The watery stage is flanked by beams which when illuminated, evoke goalposts. Horizontal strips of white light at the rear of the stage recall the boundary lines of football fields, while also reminding us that boundaries are all too easily and painfully crossed. Gazelle Twin’s compositions and Andrew Howard’s sound design combine to powerful effect: one moment full of subtle whispers, the next a pulsating nightclub score accompanied by strobing lights.
Amidst all this are three women, introduced by three compelling monologues at the beginning of the play.
Annie (Miranda Daughtry) is a footy-mad teenager who loves the game, plays it well, and idolises its professional players for their skills, not their looks. When her ‘boys’ visit her school she’s desperate for them to notice her. When they finally do, the consequences are devastating.
Olivia (Rachel Burke) has never been in love; she’s barely even had sex. ‘Too scared of men, I guess.’ She has reason to be.
Ruby (Anna Steen) is Olivia’s polar opposite. Sensual, sexually confident, sexually aggressive – she loves footballers, loves their bodies, loves fucking them. She knows what she likes and pursues it without regret or guilt – but always on her own terms.
Then there are the men: Sean (Dale March), James (Nathan O’Keefe) and Angus (Rashidi Edward). They’re less clearly drawn at first, moving together in a braying, choreographed pack; only as the play unfolds do their personalities start to emerge. James is the ageing warhorse, Angus more innocent, and Sean – Sean is angry and entitled.
A sense of menace builds throughout the proceedings, but Cornelius, together with director Geordie Brookman and associate director Suzannah Kennett Lister, keep us guessing; the outcome is unpredictable, and shocking when it occurs.
There is horror here. There is violence – told, but not portrayed. There is violence perpetrated by men against women, and by women against one another, in a powerful scene set in a nightclub bathroom where makeup is applied and uncomfortable prejudices revealed.
There are echoes of real-life cases; there are moments of hope and promise; there are moments of beauty which transform into nightmare.

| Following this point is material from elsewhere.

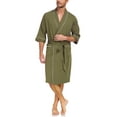 thumbnail image 1 of MAYFISH 100% Cotton Mens Lightweight Robe Summer Short Sleeve Bathrobe Soft Knee Length Robe with Pockets (Olive Green, L), 1 of 6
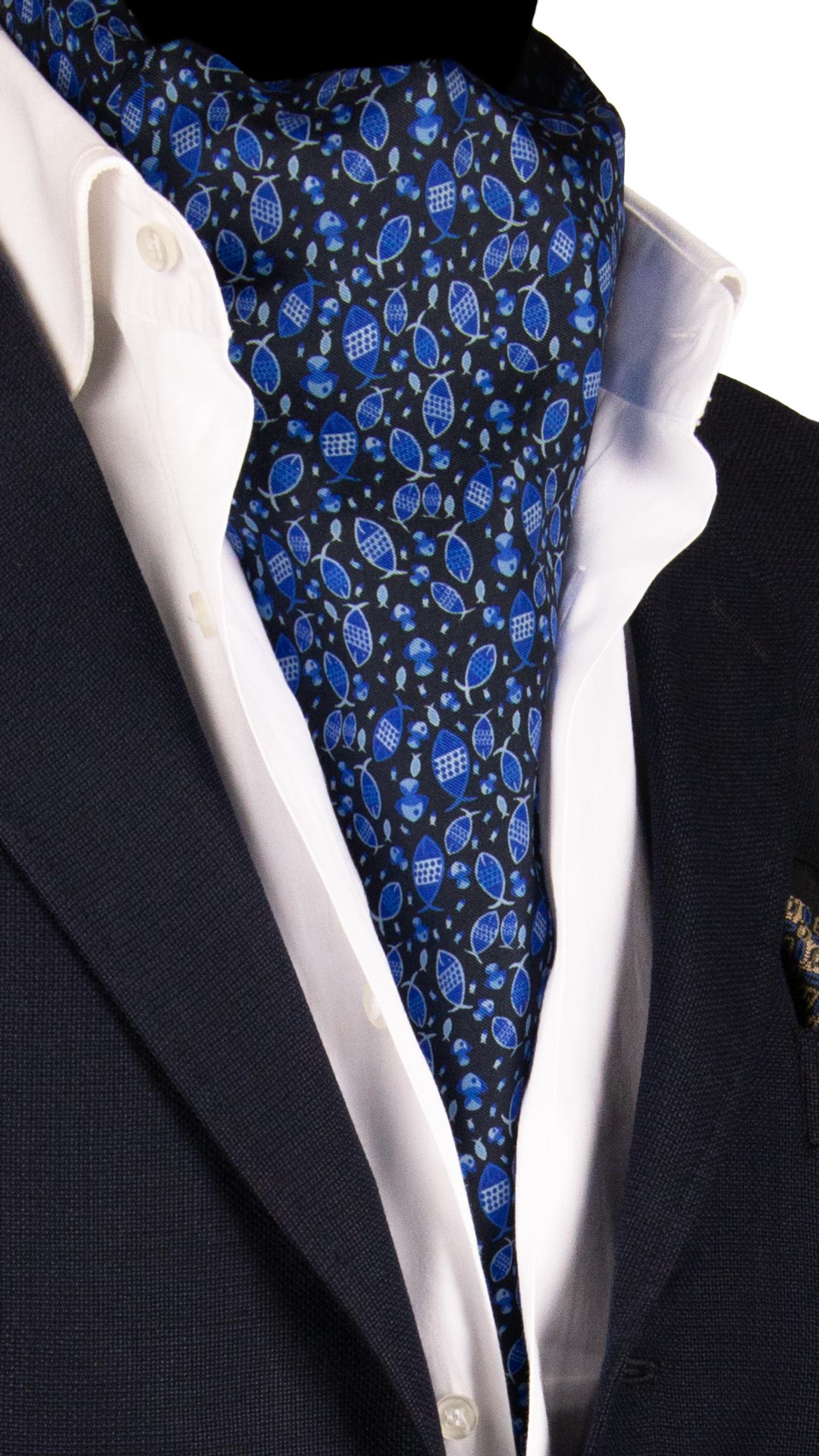 Ascot Stampa di Seta Blu con Animali Bluette Azzurro AS123 Made in Italy Graffeo Cravatte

Not every performance lands – March doesn't seem to inhabit his role to the same extent as his colleagues – but at their best the ensemble shine, with the chemistry between O’Keefe and Steen, and Burke and Edward, compelling and convincing. As Annie, Daughtry is fiercely committed; ferocious with a hint of fragility yet fierce and unafraid. Her most powerful moment is wordless, arms outstretched in a ‘come at me, bro’ moment as she stares down a man’s anger and her own pain.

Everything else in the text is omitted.